> [WHAT IS BEING ASKED]: Scan the entries below. List each line with "Beach".

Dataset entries
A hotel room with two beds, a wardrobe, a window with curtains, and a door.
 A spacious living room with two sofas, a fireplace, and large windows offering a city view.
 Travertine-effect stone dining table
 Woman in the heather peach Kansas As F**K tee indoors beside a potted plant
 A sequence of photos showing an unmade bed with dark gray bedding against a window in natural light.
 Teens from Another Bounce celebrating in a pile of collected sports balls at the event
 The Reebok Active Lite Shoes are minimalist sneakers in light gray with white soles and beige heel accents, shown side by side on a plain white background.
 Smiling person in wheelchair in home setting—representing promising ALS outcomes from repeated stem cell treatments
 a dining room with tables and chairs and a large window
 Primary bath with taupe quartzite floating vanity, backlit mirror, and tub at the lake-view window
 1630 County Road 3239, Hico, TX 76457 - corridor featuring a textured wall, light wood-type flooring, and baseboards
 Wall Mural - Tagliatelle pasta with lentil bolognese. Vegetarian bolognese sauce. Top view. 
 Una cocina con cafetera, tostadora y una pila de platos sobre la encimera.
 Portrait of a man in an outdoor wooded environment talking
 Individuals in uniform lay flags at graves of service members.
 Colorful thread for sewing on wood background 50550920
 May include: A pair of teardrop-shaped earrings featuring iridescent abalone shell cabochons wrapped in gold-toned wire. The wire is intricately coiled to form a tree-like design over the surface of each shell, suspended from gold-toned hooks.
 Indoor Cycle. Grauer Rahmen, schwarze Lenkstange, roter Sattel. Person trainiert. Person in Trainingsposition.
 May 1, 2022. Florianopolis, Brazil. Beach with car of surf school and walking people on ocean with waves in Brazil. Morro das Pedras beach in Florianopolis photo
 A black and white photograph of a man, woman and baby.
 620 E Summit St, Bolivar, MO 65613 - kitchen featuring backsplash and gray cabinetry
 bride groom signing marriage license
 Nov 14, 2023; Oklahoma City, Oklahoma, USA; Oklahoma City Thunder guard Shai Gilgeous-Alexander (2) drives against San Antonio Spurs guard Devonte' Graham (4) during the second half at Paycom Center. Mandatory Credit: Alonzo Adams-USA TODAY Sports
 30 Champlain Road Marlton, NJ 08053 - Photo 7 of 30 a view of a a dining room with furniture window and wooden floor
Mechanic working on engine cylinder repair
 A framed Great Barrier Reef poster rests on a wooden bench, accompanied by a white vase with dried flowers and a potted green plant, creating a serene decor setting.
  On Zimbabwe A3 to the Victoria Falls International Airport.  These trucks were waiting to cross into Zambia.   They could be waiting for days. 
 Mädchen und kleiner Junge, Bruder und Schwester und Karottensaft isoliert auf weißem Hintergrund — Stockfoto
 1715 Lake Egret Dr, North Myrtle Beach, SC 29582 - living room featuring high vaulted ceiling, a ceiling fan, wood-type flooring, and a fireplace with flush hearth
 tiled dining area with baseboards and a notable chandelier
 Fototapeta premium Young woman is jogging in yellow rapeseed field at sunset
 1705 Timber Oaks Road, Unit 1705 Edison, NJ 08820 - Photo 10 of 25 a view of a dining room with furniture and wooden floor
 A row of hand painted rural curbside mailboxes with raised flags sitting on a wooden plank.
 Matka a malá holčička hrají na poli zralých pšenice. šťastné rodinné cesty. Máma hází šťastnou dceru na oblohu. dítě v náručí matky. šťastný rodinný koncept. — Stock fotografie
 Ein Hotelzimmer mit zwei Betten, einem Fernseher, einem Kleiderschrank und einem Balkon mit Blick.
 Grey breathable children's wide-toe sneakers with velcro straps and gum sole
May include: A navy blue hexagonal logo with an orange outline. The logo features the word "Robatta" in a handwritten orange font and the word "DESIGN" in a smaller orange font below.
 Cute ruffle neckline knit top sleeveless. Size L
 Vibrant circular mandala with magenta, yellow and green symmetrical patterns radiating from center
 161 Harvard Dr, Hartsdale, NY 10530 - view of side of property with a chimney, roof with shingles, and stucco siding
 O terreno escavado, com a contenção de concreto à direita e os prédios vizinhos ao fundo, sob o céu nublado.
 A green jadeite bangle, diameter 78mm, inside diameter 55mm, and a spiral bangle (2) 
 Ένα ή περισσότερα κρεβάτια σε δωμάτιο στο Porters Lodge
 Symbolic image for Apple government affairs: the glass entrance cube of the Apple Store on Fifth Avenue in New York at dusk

> [PROBLEM SOLUTION]:
 May 1, 2022. Florianopolis, Brazil. Beach with car of surf school and walking people on ocean with waves in Brazil. Morro das Pedras beach in Florianopolis photo
 1715 Lake Egret Dr, North Myrtle Beach, SC 29582 - living room featuring high vaulted ceiling, a ceiling fan, wood-type flooring, and a fireplace with flush hearth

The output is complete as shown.